27.   The Scandal Bhind the New Financial Scandals.  Current Account by Franscesco Guerrera.  WSJ C1-C2, July 17, 2012.  Here is an author who bites the bullet.  Mr. Guerrera takes the financial industry to task, everything from internal crooks, light-weight regulators, to the financial industry asking for lighter regulation from the regulators they blame for the meltdown in 2008.  As Mr. Guerrera says, “The financial industry and its political masters have to look forward, whether they like it or not.”

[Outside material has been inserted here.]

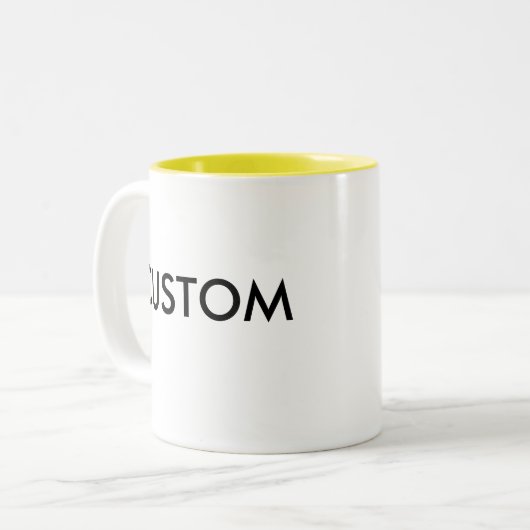 11oz tasse à deux tons faite sur commande - JAUNE (Devant gauche)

28.   Trading Firm CEO:  I spent it.  Note From Peregrine Founder Says Millions Went to Cover Losses, Pay Fines.  This article details the note left by Russell Wasendorf Sr. at his attempted suicide.  Perhaps the only thing true in the note is that he stole the money.  The rest of the note tries to exonerate his son and his wife.  This article says the fraud began in 1993.

29.   Goldman to Tighten Belt Further.  Finance Chief Viniar Says ‘Couple of Hundred People’ May Lose Jobs, as Firm Posts 11% Profit Drop.  WSJ C1-C2, July 18, 2012.  According to this article Goldman faces, “a triple-whammy of lackluster business conditions, the global economic rut and regulatory headwinds.”  This is an interesting statement as regulatory headwinds are put front and center as bad for business.  Goldman’s pays an average of $225,697 to employees this year down from $392,617 in 2007.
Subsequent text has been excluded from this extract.